## PROBLEM DETAILS
Output the complete listing exactly, please, and keep the pictures out of it.

┌──

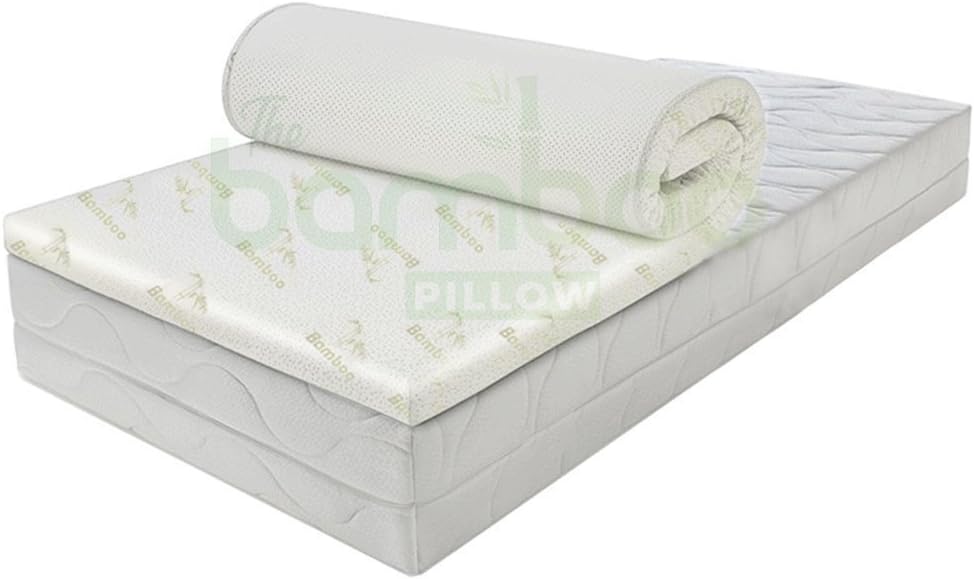 Bamboo Memory Foam Mattress Topper for King Size Bed, Orthopaedic Anti Allergy Microfibers Mattress Protector for a Deep Sleep, Hypoallergenic, 4 cm Thick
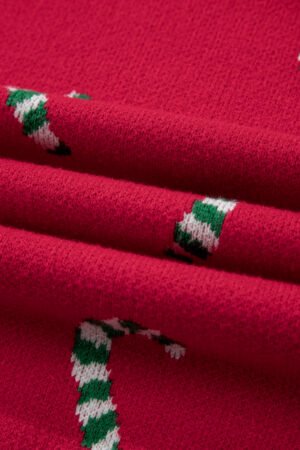 Racing Red Christmas Candy Cane Holiday Drop Shoulder Sweater - Image 13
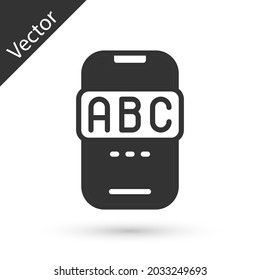 Grey E-learning of different foreign languages through the mobile application icon isolated on white background.  Vector
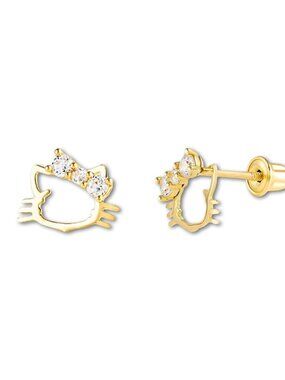 14K Solid Gold Cat Stud Earrings | Gold Studs By Tehrani Jewelry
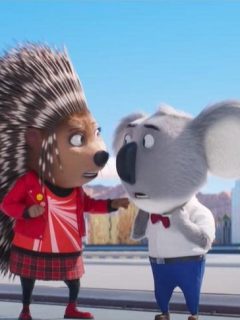 The hedgehog and the koala are standing next to each other, exchanging two quotes from Sing 2.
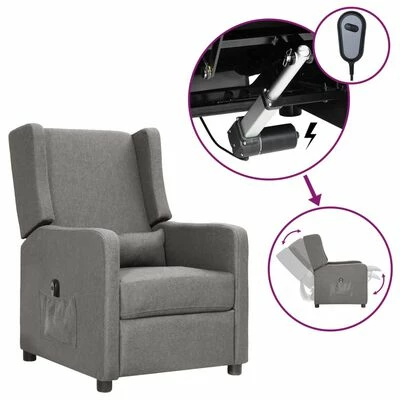 VidaXL Fauteuil inclinable électrique Gris clair Tissu 3 VidaXL Fauteuil inclinable électrique Gris clair Tissu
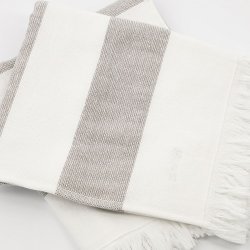 Meraki - Hndklde, Barbarum, Hvide og brune striber -  2 stk 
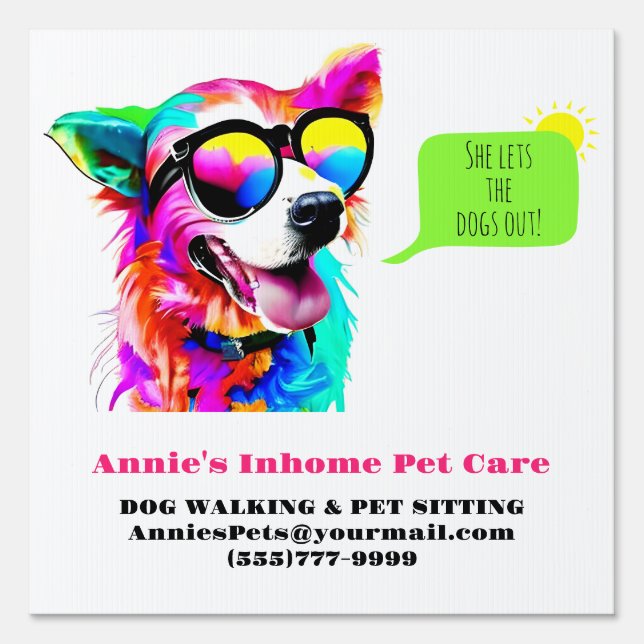 Bold Rainbow Dog Walker Pet Sitter Sign (Front)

└──

## PROBLEM SOLUTION
 Bamboo Memory Foam Mattress Topper for King Size Bed, Orthopaedic Anti Allergy Microfibers Mattress Protector for a Deep Sleep, Hypoallergenic, 4 cm Thick
 Racing Red Christmas Candy Cane Holiday Drop Shoulder Sweater - Image 13
 Grey E-learning of different foreign languages through the mobile application icon isolated on white background.  Vector
 14K Solid Gold Cat Stud Earrings | Gold Studs By Tehrani Jewelry
 The hedgehog and the koala are standing next to each other, exchanging two quotes from Sing 2.
 VidaXL Fauteuil inclinable électrique Gris clair Tissu 3 VidaXL Fauteuil inclinable électrique Gris clair Tissu
 Meraki - Hndklde, Barbarum, Hvide og brune striber -  2 stk 
 Bold Rainbow Dog Walker Pet Sitter Sign (Front)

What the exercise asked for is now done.